To proclaim, “Have a positive attitude,” is to tell people to embrace delusions. I am not advocating for pessimism, instead I am advocating for pragmatism. It should never matter whether the cup is half empty or half full. The real question should be, “Waiter, where is the rest of my drink?”
Everyone has problems. However, there is a nationwide dilemma concerning how people answer their predicaments. America’s collective ideology has been stagnated by “positive thinking” [article]. Many believe that if we think our problems are easy to overcome then the problem will be easier to vanquish. Our capabilities will rise to meet our phantom projections and whatever we imagine will be realized.

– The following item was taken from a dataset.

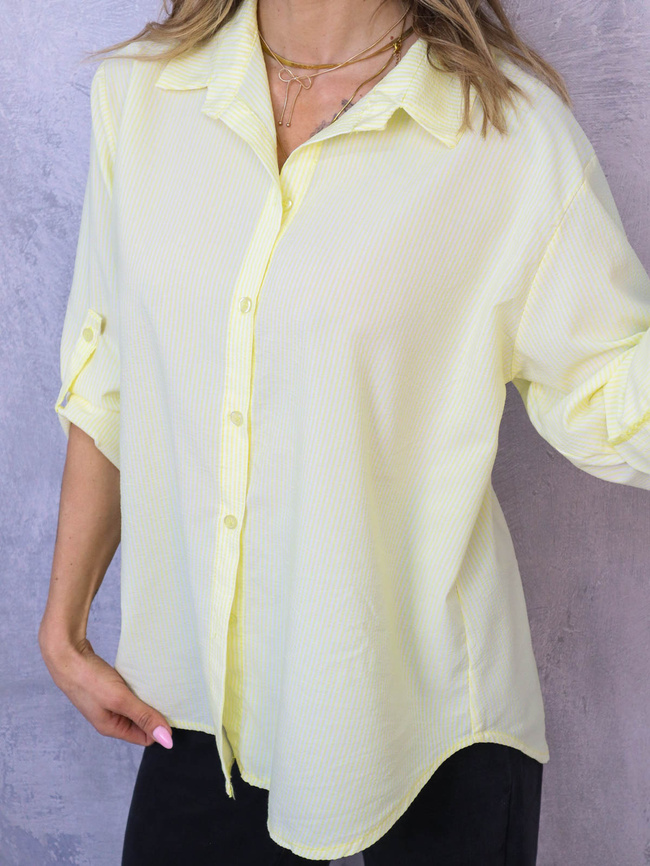 KOSZULA OVERSIZE W PASKI- ŻÓŁTA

This belief seems childish to me; “positive thinking” seems to be something lifted straight out of a kids movie. When our PG protagonist believe he can emerge victorious, he shall indeed emerge victorious. When you and I truly believe something we are in fact not granted superpower. Otherwise, I swear I would be a millionaire by now. (I certainly believe I can be one, so why is it not so?)
This is the difference between ‘The Little Engine That Could’ and Icarus.
We can measure the negative results of positive thinking. You have to look no further than our latest recession. Lehman Brothers, Countrywide, and AIG all were swallowed by the willful ignorance of positive thinking. They believed only good things would happen and bad trends would be absent due to positive thinking.. According to journalist and author Barbara Ehrenreich, in her speech Smile or Die, people in these firms who raised issue with the overly idealized projections were censured and fired. Those who said the real estate bubble could not indefinitely rise up were told to shut up.
In a world of positive thinking, nobody wants to listen to pragmatic realism. It is not as profitable as the illusions of positive thinking. The recession happened because recklessness prevailed over reality until a tidal wave of truth swamped the economy.
Even President George Bush Jr. fell victim to positive thinking. Members of his staff never voiced their doubts about the Iraq invasion because the president hated to be around “pessimists.” Those that did, such as one general who insisted that we needed to double the troops in Iraq successfully stabilize the country, was removed from duty. Today, Iraq has largely fallen under Iranian influence just as the final Americans troops are leaving, [article]. I believe being realism and pessimism are separate and it is wrong to label anyone as a pessimist simply because they believe the majority opinion is wrong.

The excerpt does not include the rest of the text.